Look through the entries that follow and return each line that has the string "image".

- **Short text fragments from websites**
>>>

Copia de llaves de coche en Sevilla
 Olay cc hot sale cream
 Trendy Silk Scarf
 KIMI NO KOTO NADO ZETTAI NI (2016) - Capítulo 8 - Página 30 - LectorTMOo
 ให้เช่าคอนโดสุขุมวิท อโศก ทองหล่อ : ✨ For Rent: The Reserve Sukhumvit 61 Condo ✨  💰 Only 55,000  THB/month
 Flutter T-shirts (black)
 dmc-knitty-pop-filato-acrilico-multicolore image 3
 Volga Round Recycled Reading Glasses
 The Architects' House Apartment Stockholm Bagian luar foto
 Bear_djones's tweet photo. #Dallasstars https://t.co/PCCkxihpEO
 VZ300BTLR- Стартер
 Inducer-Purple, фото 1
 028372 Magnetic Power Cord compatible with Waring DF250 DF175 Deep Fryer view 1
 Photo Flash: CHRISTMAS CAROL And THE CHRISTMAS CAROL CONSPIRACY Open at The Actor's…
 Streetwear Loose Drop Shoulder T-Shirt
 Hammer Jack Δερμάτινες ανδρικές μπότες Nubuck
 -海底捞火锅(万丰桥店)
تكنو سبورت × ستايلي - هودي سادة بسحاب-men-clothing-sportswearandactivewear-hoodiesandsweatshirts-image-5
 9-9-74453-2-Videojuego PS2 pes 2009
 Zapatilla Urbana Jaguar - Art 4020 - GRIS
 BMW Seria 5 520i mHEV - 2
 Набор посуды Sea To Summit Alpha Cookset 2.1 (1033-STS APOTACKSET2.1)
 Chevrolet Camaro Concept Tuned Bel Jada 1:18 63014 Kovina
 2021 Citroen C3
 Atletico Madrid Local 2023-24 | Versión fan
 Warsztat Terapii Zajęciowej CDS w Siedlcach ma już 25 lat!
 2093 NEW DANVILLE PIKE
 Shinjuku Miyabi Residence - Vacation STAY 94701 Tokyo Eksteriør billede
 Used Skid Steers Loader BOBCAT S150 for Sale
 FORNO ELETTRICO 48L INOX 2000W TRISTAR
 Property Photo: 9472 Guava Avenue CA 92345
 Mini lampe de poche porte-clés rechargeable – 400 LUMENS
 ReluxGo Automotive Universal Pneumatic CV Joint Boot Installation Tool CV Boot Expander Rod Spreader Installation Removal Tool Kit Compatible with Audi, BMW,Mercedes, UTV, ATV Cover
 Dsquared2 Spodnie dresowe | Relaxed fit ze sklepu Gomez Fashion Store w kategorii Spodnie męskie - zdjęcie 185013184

<<<

- **Expected answer**
 dmc-knitty-pop-filato-acrilico-multicolore image 3
تكنو سبورت × ستايلي - هودي سادة بسحاب-men-clothing-sportswearandactivewear-hoodiesandsweatshirts-image-5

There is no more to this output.